• Stored data
╔══
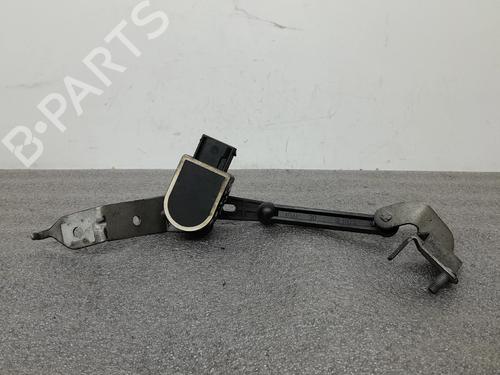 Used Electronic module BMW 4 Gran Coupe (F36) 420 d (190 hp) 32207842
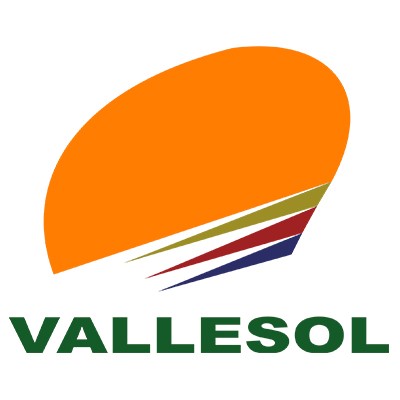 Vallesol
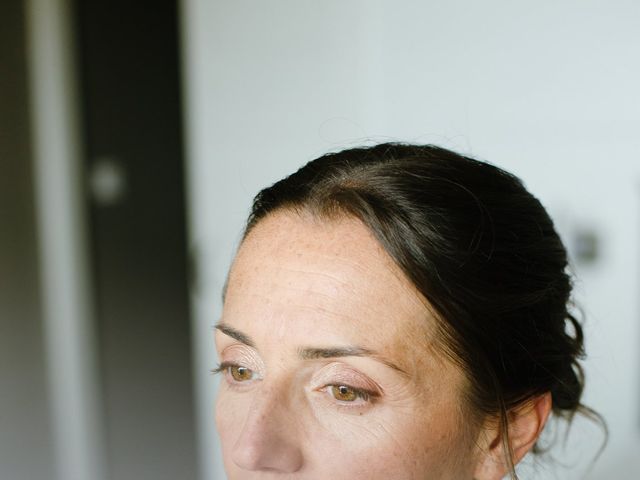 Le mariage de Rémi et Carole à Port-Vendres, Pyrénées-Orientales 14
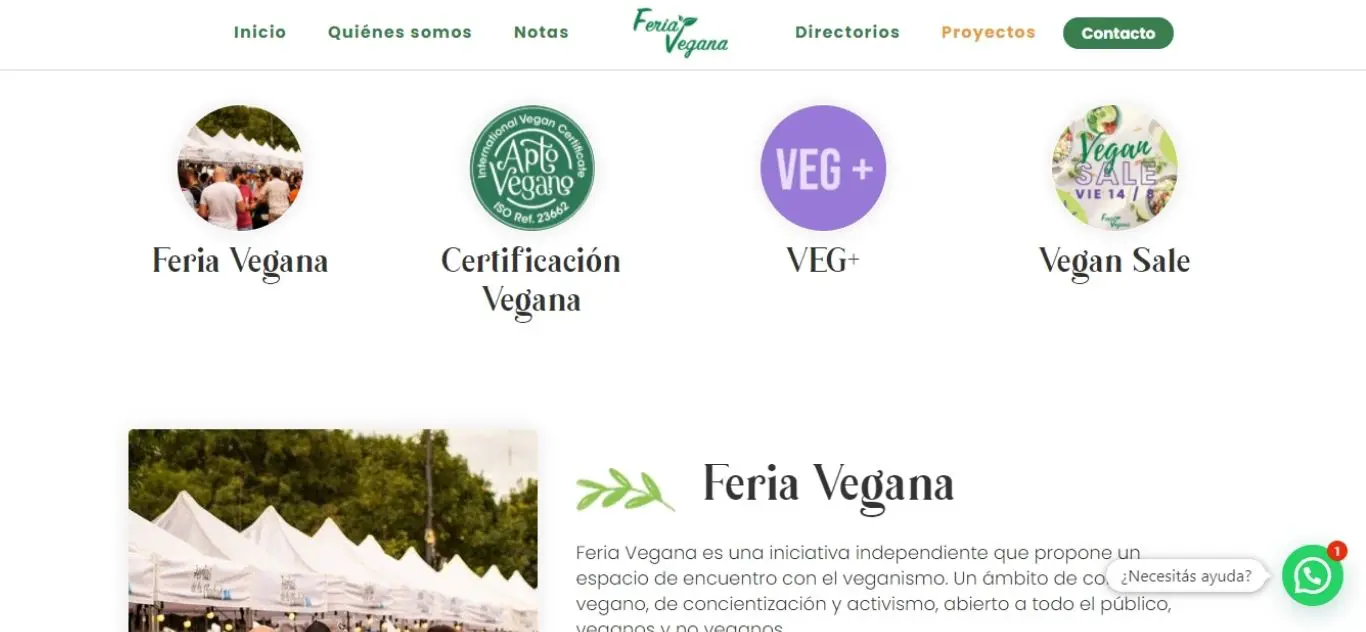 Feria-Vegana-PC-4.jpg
╚══
• Work instruction
Return the material in full, word for word, and skip the pictures.

• Solution to the exercise
 Used Electronic module BMW 4 Gran Coupe (F36) 420 d (190 hp) 32207842
 Vallesol
 Le mariage de Rémi et Carole à Port-Vendres, Pyrénées-Orientales 14
 Feria-Vegana-PC-4.jpg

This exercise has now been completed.